Drue, seeing that Lord Alistair is wounded, draws his wand of cure light wounds from his bag and activates it. As he does so, he asks him what they should do. "Lord Alistair, how should we combat these Rakshasa?"

OOC: Heal Alistair 1d8+1


----------



## drothgery (Oct 26, 2005)

Drue:
[sblock]
You might want to revise your action, given the map above. It seems likely that I posted it while you were writing your post.
[/sblock]


----------



## ShaggySpellsword (Oct 26, 2005)

Oswin, picking up the rapier thrown to him by Saalin, drops his own sword and slowly works around the warrior-tiger, moving into position to take a single, swift stab at the sorcerer.  He is still slowly working around the sorcerer.

OOC:  Pick up the Rapier thrown to me and take a 5ft. step south.  Attack the Rakshasa Sorcerer with the rapier.  Next round I will take another 5 ft. step to move into flanking position and take a full atack


----------



## stonegod (Oct 26, 2005)

Actually, now that I think of it (and see the diagram), I think it would be a better idea for Saalin to drop his wand and draw the rapier (as before), but toss his rapier to Oswin's square. Since he goes first, this should give Oz a change to retreive the weapon. This action would be instead of casting _shield_.

[SBLOCK=Mechanics]It is AC 10 to hit a square, IIRC correctly.[/SBLOCK]


----------



## drothgery (Oct 27, 2005)

Although she regretted being unable to help, Ava was a maid and sometime cook, not a warrior. "I will try to reach the Lord's guardsmen." She whisperred Saalin before darting out the door at a full run.

Saalin nodded, then tossed his rapier, made from the flametouched iron that caried the good of Silver Flame within it, to the feet of Oswin. His weapons were not swords -- not unless things got truly desperate -- and the paladin's bastard sword would do little good against what he faced.

A cursory glance showed the cuts on Lord Alistair's person were shallow, but Drue cured them anyway as he asked his question.

Oswin picked up Saalin's blade and stepped into the space between an overturned table and the rakshasa sorcerer. It made his lunge ackward, but he still managed a prick on the monster's fur.

"The sorcerer may try to attack our minds. Be ready for it." Alistair said. Dark knowledge (puissance) to give a +3 bonus to saves against the creatures' attacks. _And they are after me._

Hariel's elven blade flashed twice, and two more times blood flowed from the sorcerer. 

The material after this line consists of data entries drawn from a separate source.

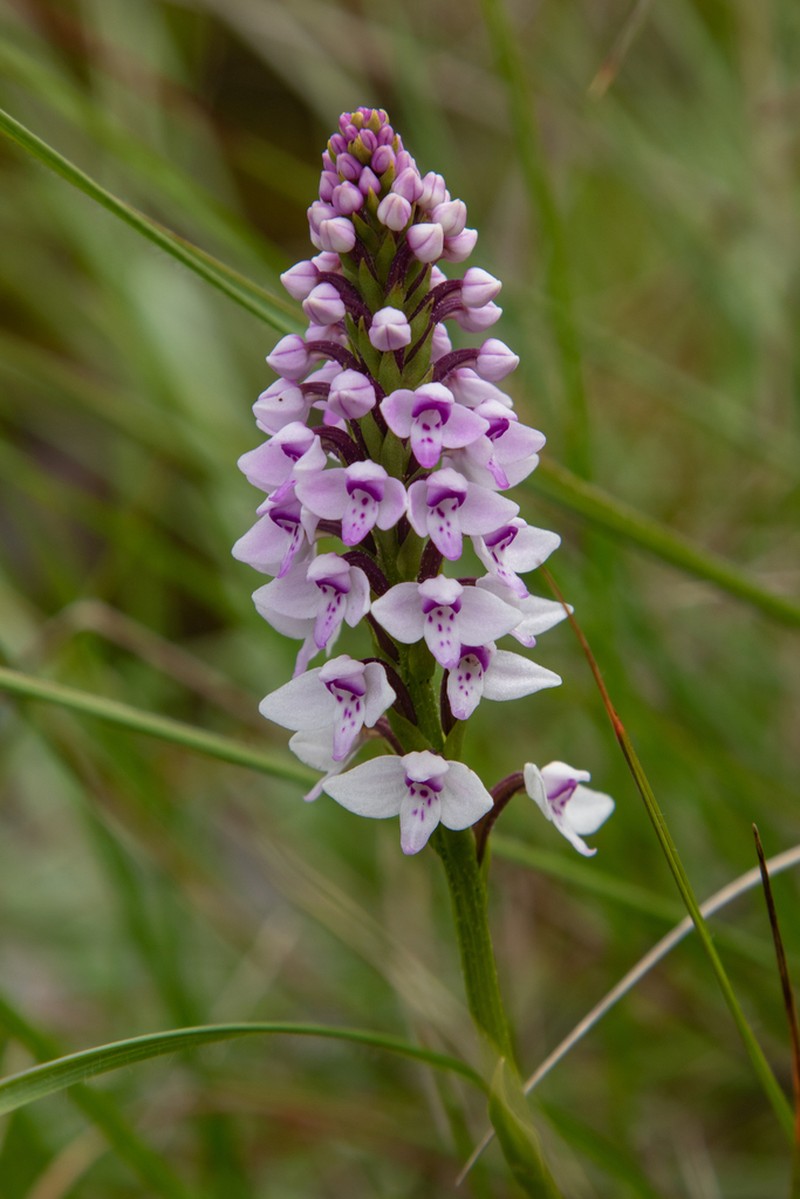 Cynorkis buchananii photo 5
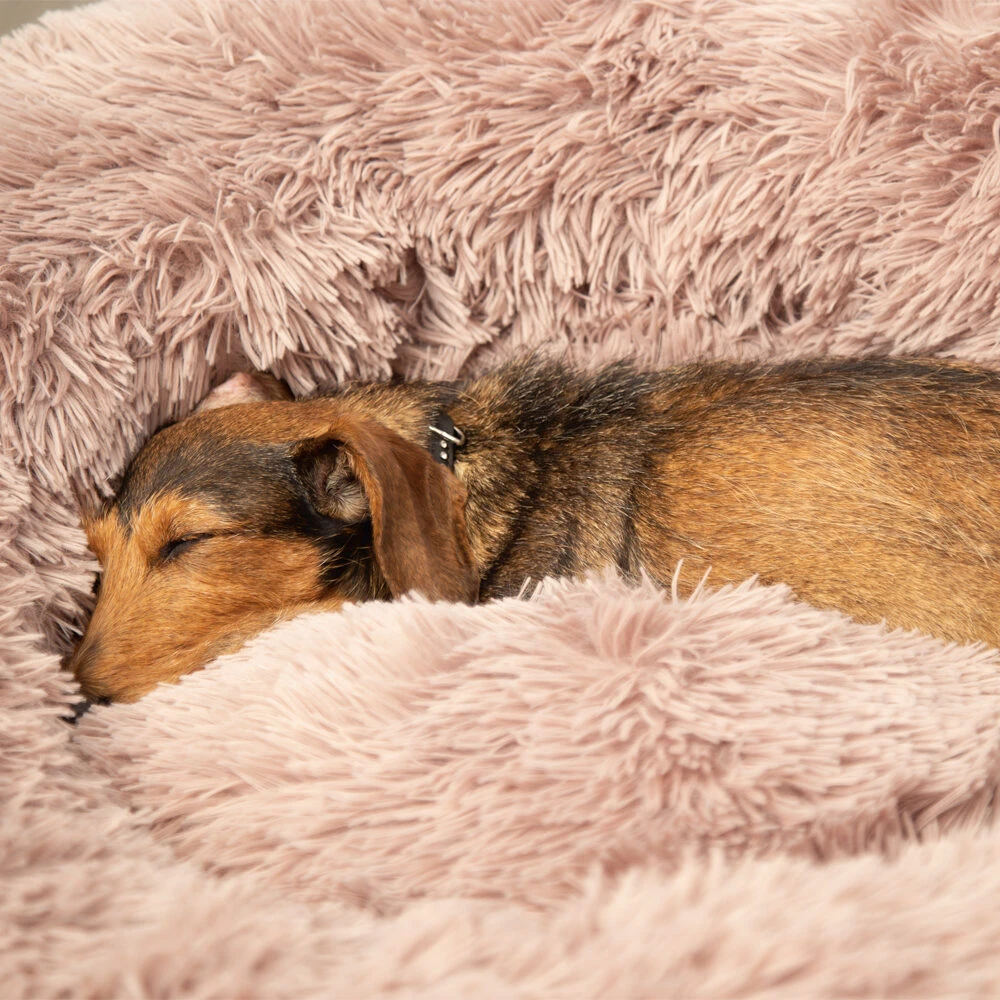 Beeztees Yali Pluche Donutmand 16 Beeztees Yali Pluche Donutmand - Afbeelding 14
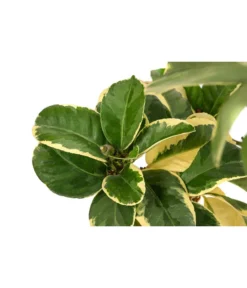 Weißbunte Zitrone 'Variegata' -Pflanzen Promotion Geschäft 7623051 WE DE 003 CitrusZitroneVariegataT20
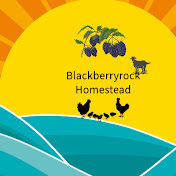 Blackberryrock Homestead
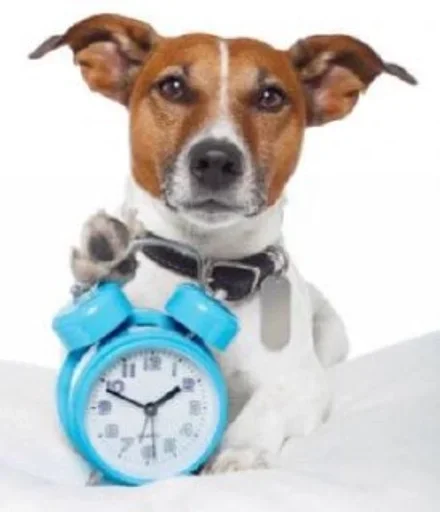 animal clock dog breed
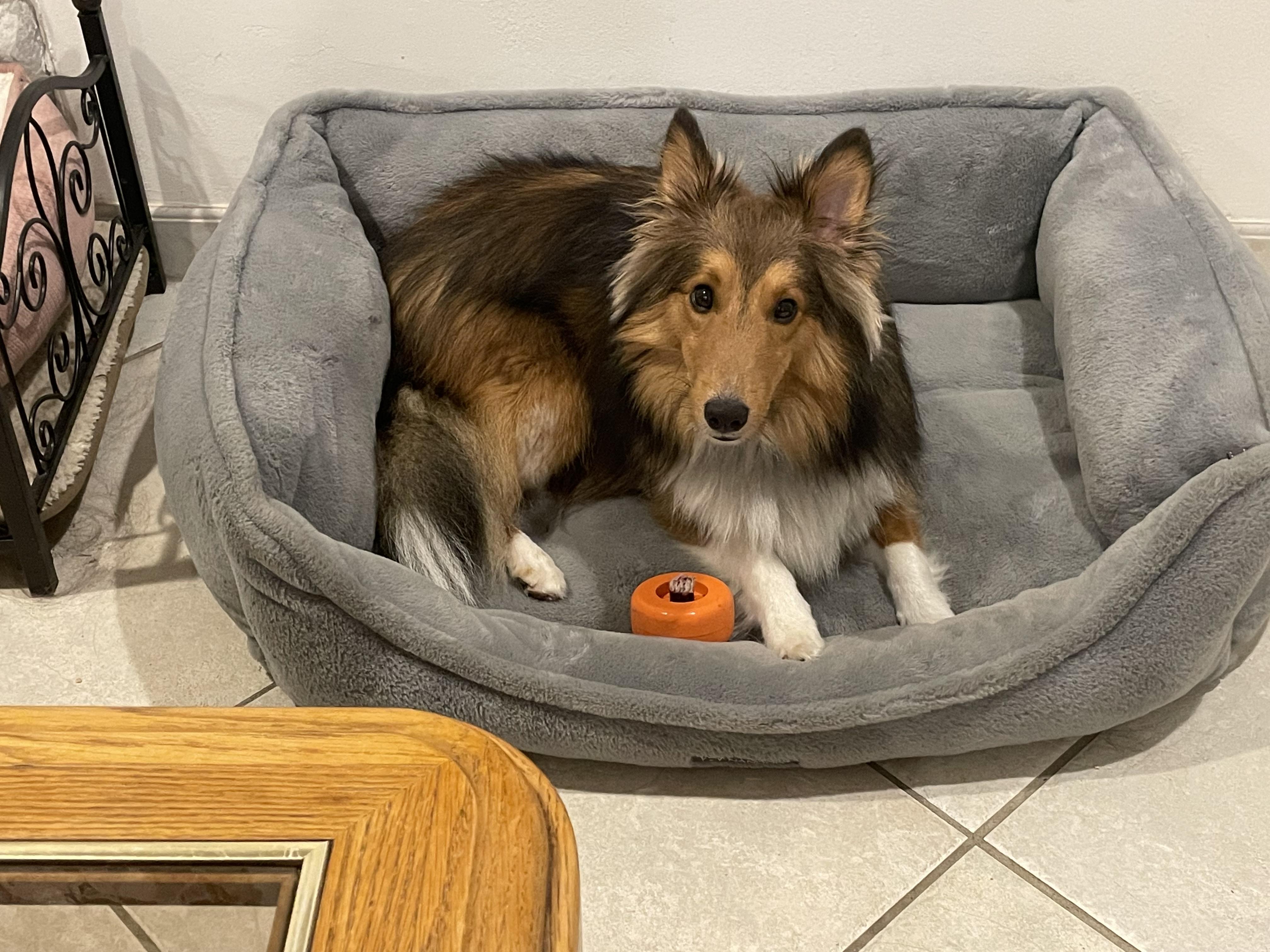 Enlarge Charlie, a Adoptable Shetland Sheepdog / Sheltie in Palm Bay, FL image 4/5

Dain brought a flurry of fists against the wounded rakshasa warrior, hoping to draw it away from Hariel. But even though there was a very satisfying thud when one of his punches connected with the fiend, it seemed to have no effect. (5 points of damage was not sufficient to get through the damage reduction)

In fact, the warrior who she had wounded before seemed well intent on regaining Hariel's attention. And by taking a slash through her leg with his sword and biting her shoulder, he might well have done it. (13 points of damage)

The other warrior seemed intent on Lord Alistair, but neither Hariel nor Dain nor Kahlia were able to take advantage of the opponenigs presented by his movement. Suprisingly, though, the middle-aged theocrat was able to stay out of its grasp.

And then the sorcerer stepped out of the _silenced_ area, following behind his companion, and shot a black ray from his hands at Hariel. 

He spoke as he attacked.
(read if you speak infernal)
[sblock]
You will come with us, _Lord Reverened_. The only question is how many of your friends and family will die before you do.
[/sblock]

She felt the energy draining out of her as it. (ray of exhaustion; she made her save, and so is fatigued)

"Don't listen to it, father!" Kahlia shouted, clearly understanding the vile language that the monster spoke. But the handful of spells Kahlia had prepared were of little use against a rakshasa, and while the rapier she carried was finely made and flametouched iron, she was no swordsman. The sorcerer had only contempt in its eyes as it avoided her blade.


----------



## wabinder (Oct 27, 2005)

The blood drains from Dain's face as he realizes that his punches are not doing any worthwhile damage.  He gets even more worried when the second warrior manages to get past everyone and face Alistair without any trouble at all.  Fearing that Lord Alistair will not last long against such an opponent, Dain turns, leaps after the warrior facing him (Alistair), and attempts to grapple him to the ground using his Improved Grapple feat.


----------



## Anax (Oct 27, 2005)

*Revised:* Hariel curses her poor judgement of the area of the _silence_ effect, and eyes the sorcerer warily.  She quickly adjusts her position and strikes at the sorcerer twice again as it's distracted by Kahlia on the other side.

[sblock=Details]
Super simple today, a full attack sneak attacking from flanking.  The only special thing is: use an action point if it looks like it will help the second attack.  Maybe if Hariel lands a full sneak attack for 2x 1d8+5+2d6 it will pay attention to her.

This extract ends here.